EXERCISE PROMPT
Return the listing below exactly, with the pictures dropped.

RECORDED INFORMATION
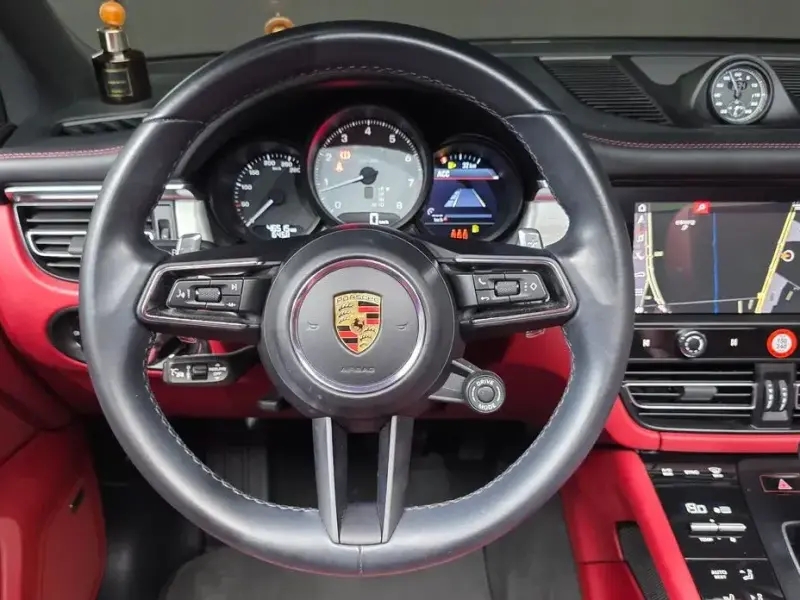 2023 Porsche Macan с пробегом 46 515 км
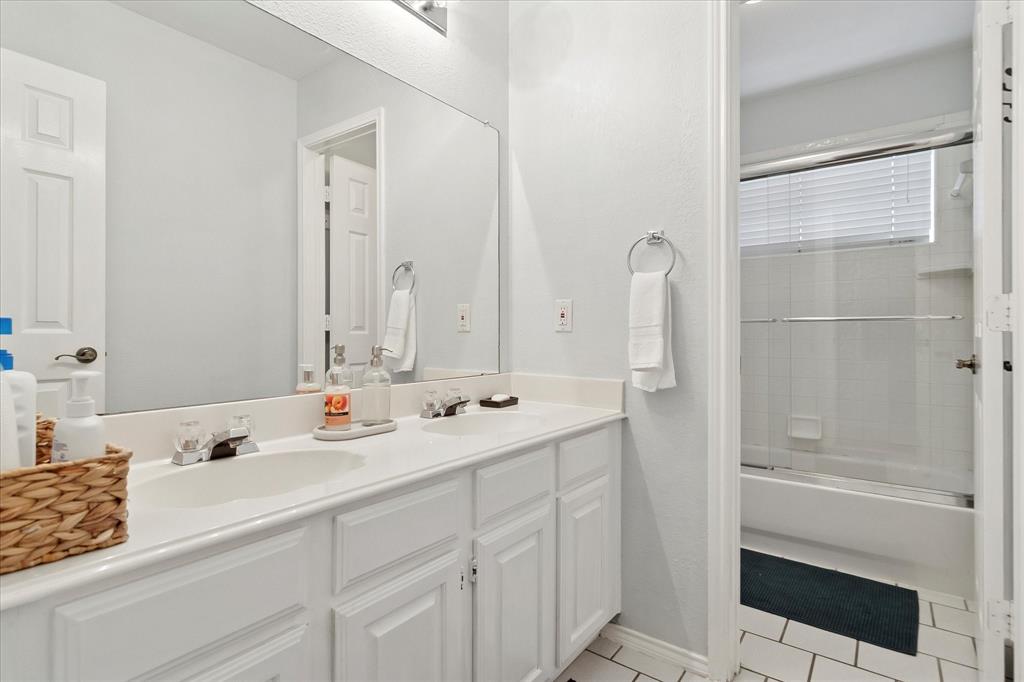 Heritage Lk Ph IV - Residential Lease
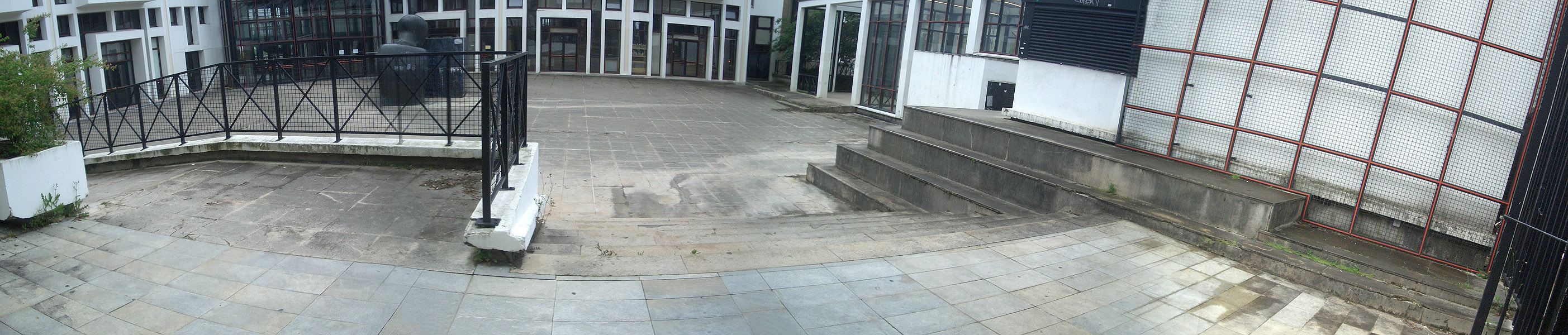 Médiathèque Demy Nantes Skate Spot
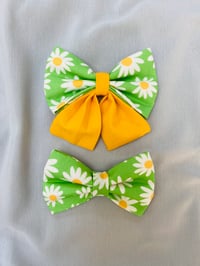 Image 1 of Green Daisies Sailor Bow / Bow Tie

SOLUTION FOR THIS PROBLEM
 2023 Porsche Macan с пробегом 46 515 км
 Heritage Lk Ph IV - Residential Lease
 Médiathèque Demy Nantes Skate Spot
 Image 1 of Green Daisies Sailor Bow / Bow Tie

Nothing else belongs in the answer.